3.5.15. Uranium deposits of uncertain age and origin, north Queensland


Numerous small, U-F-Mo prospects and two significant deposits (Maureen and Ben Lomond) occur in the
Townsville to north Georgetown region (Fig. 67), associated with felsic volcanics and sediments of the
Kennedy Province. According to Morrison and Beams (1995) and Mega Uranium
(http://www.megauranium.com, accessed December 2008), mineralisation includes U-bearing phosphates,
sulphates and molybdates in veins or shear infill, as well as replacement zones, closely associated with
unconformities. Although mineralisation (U especially) is most likely ultimately sourced from the Kennedy
Province felsic magmatism, it is not clear whether these deposits are Carboniferous-Permian in age,
representing hydrothermal mineralisation related to the magmatism (Bain, 1977; Morrison and Beams,
1995) or reflect younger, low-temperature, unconformity-related mineralisation (Wall, 2006). Morrison
and Beams (1995) suggested the possibility that the deposits may represent the distal portions of
polymetallic Sn-W deposits. Ewers (1997) indicated that the deposits are generally small in size. Current
(2008) indicated and inferred resource (Canadian NI43-101 compliant) estimates are 2.88 kt U3O8 at
Maureen and 4.86 kt U3O8 at Ben Lomond (http://www.megauranium.com).

3.5.16. Mineral potential


Synthesis and analysis of geological and metallogenic data suggest that the Hunter-Bowen cycle was
characterised by four geodynamic systems, in order of decreasing age:

1. Kennedy magmatic system;


2. Connors-Auburn Arc-backarc system;
3. Cracow-Chalmers backarc system; and
4. Hunter-Bowen Orogeny.

Although the Kennedy magmatic system largely intrudes the Thomson and North Queensland Orogens and
overlaps the other systems, all of these systems appear to be related to the evolution of the New England
Orogen. The Connors-Auburn arc-backarc system appears to continue across the Kanimblan Orogeny from
the Kanimblan cycle into the early part of the Hunter-Bowen cycle. With the exception of the Doradilla Sn
and Ni deposits, Hunter-Bowen activity is not expressed in the Lachlan Orogen.
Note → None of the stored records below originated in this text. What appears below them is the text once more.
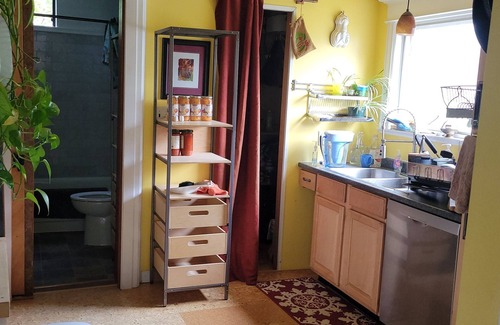 Columbia House | HIghly desireable close-in home in historic neighborhood, beautifully remodeled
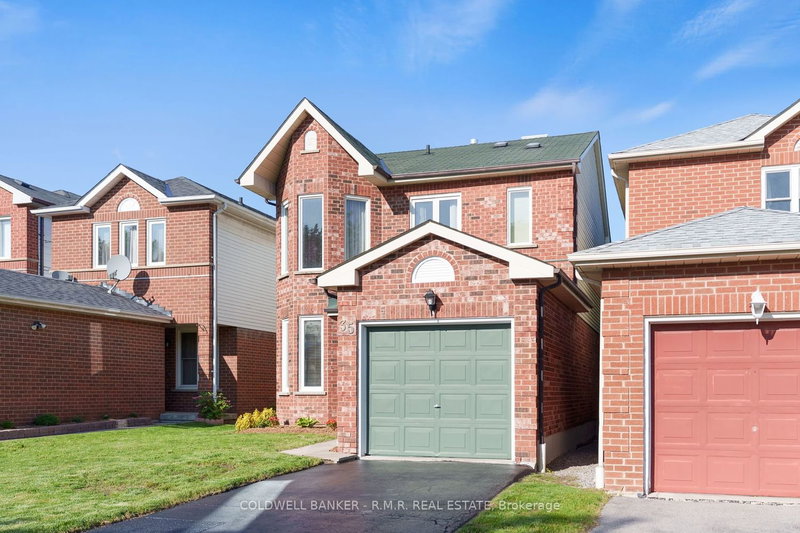 35 Teddington Cres, Whitby, L1R 1S5 | Image 2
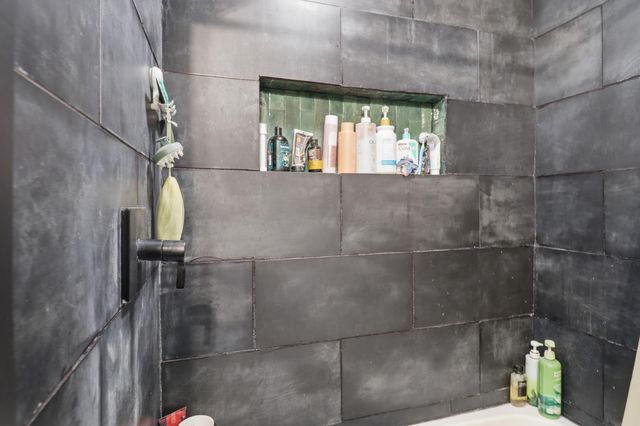 864 S Main Avenue, Springfield, MO 65806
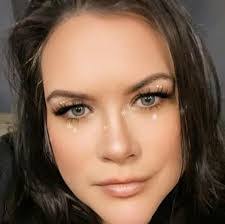 Corey Meek's Instagram, Twitter & Facebook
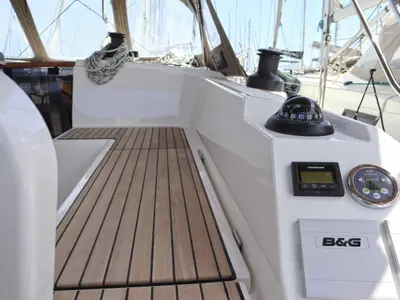 LIMA, a Bavaria C42 sailboat at Parikia, Greece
3.5.16.1. Kennedy magmatic system


As described in section 1.2.6, magmatism in the Kennedy magmatic province spans the period from 340 to
260 Ma, with an apparent younging in ages from west to east, possibly associated with the eastward retreat
of the related subduction zone. The granites are mostly I-type with lesser A- and S-types. The A-type
granites are relatively young, mostly between 290 and 275 Ma. Compositionally, the granites are
dominantly felsic with lesser intermediate and mafic compositions (section 1.2.6). Despite the strong
crustal input into the magmatism, these granites are interpreted to be arc-related, possibly in an extensional
backarc position relative to the continental arc to the east in the New England Orogen (section 2.6).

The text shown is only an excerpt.